--- Task directions ---
Every line from the first one in the data below through the line holding "DistinctInk Hanging Ceramic" is to be written out exactly, with the pictures omitted.

--- Data listing ---
################

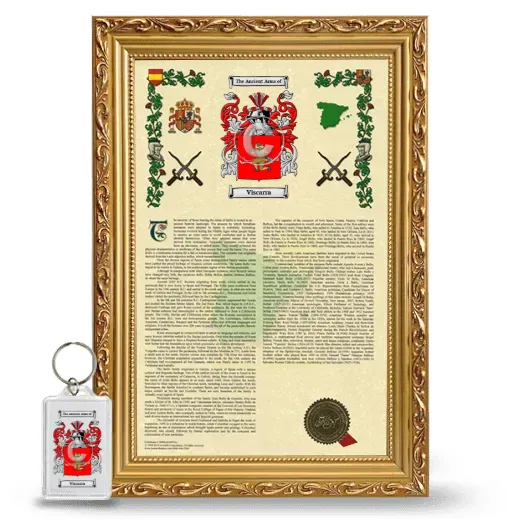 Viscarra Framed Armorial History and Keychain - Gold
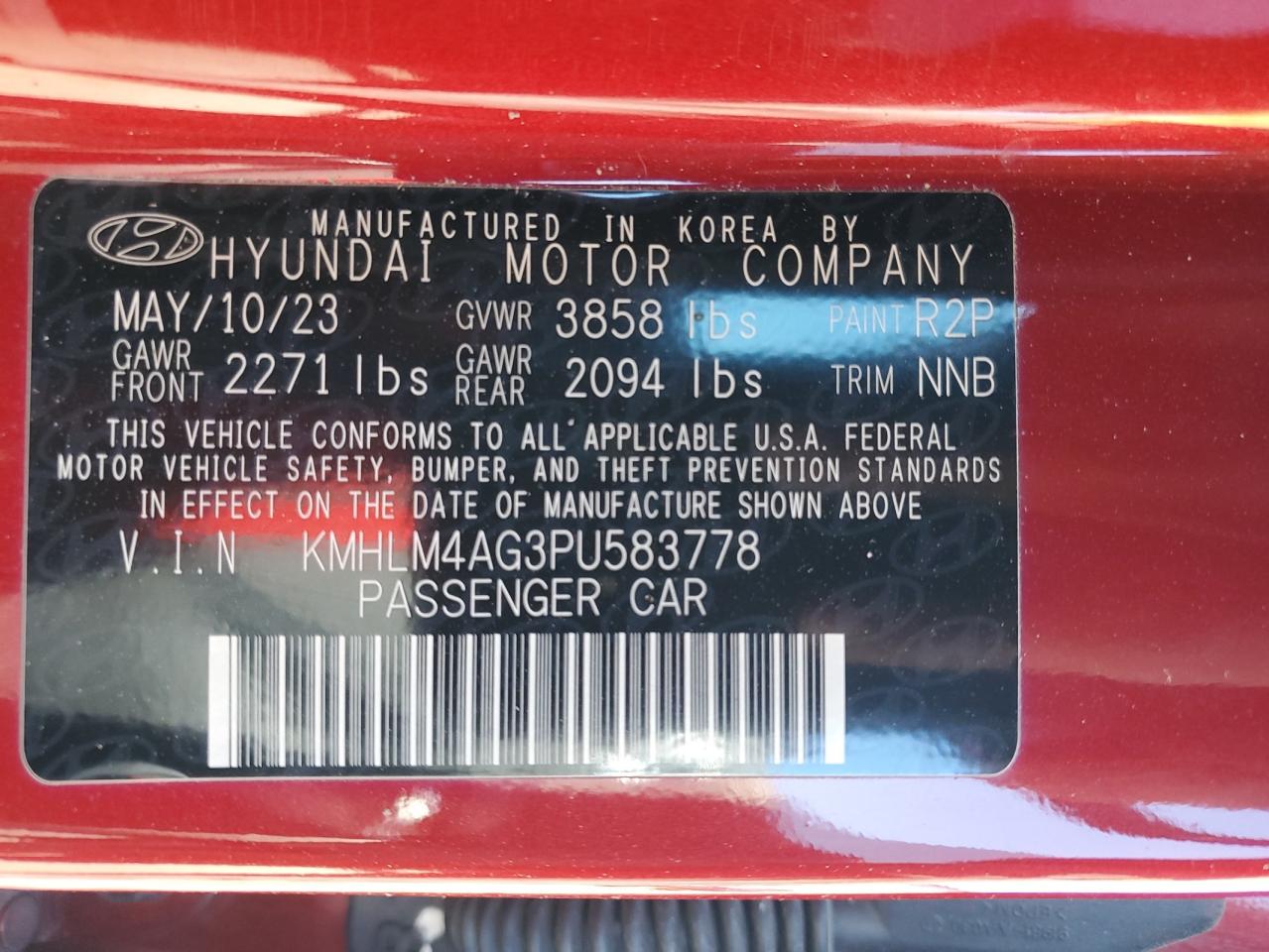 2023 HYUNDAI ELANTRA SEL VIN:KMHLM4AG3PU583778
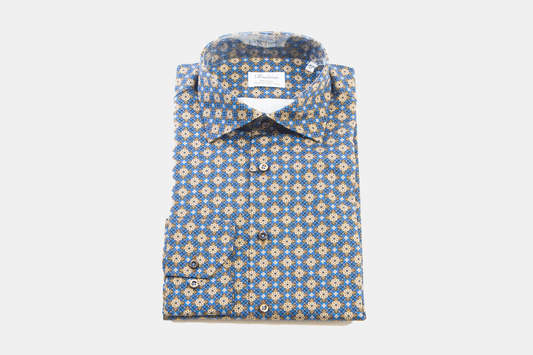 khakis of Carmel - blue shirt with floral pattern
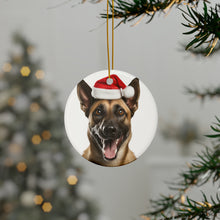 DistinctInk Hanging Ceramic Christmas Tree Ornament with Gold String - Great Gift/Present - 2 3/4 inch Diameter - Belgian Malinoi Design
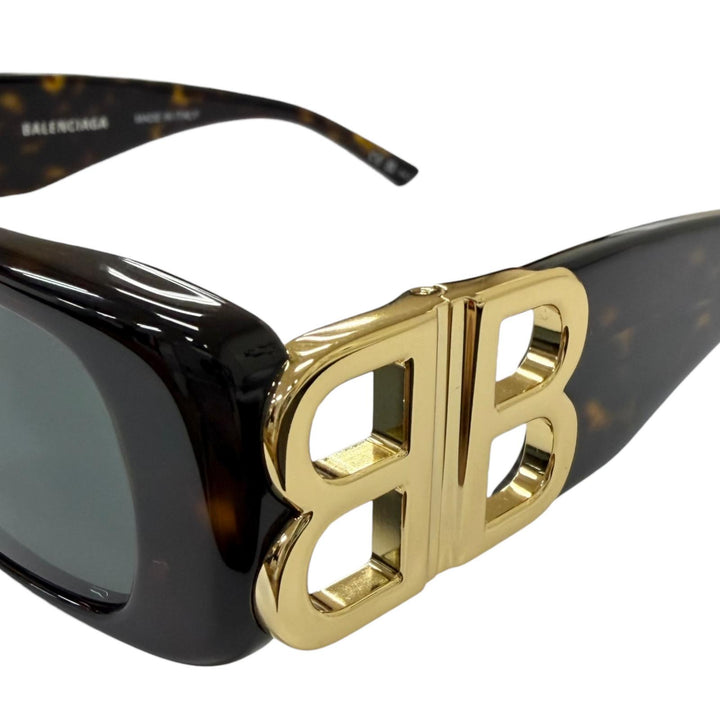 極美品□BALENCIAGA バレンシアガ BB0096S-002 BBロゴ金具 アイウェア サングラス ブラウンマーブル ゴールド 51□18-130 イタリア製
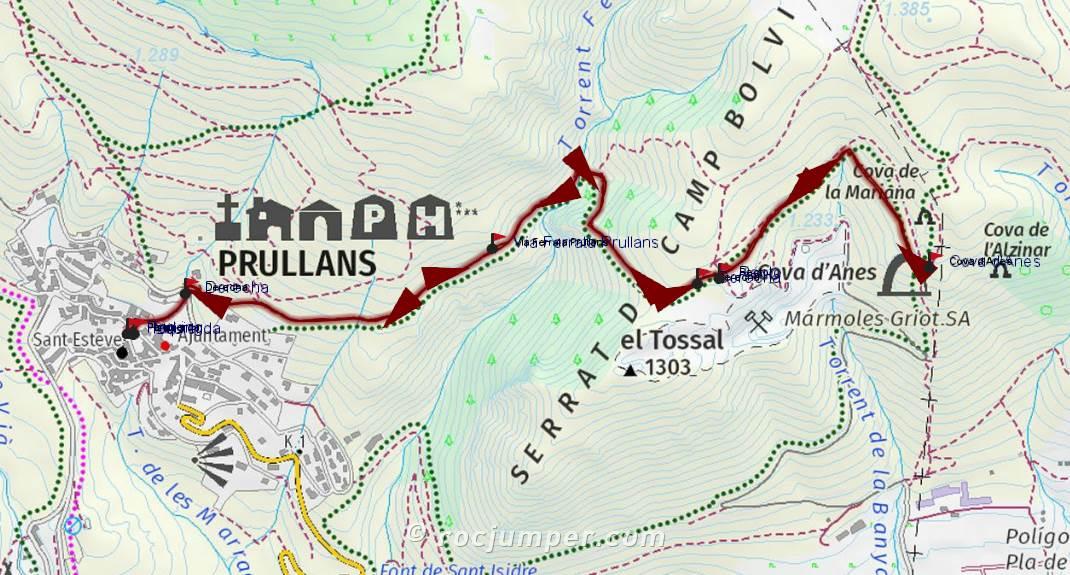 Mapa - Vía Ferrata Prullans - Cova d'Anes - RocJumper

################

--- Answer box ---
 Viscarra Framed Armorial History and Keychain - Gold
 2023 HYUNDAI ELANTRA SEL VIN:KMHLM4AG3PU583778
 khakis of Carmel - blue shirt with floral pattern
 DistinctInk Hanging Ceramic Christmas Tree Ornament with Gold String - Great Gift/Present - 2 3/4 inch Diameter - Belgian Malinoi Design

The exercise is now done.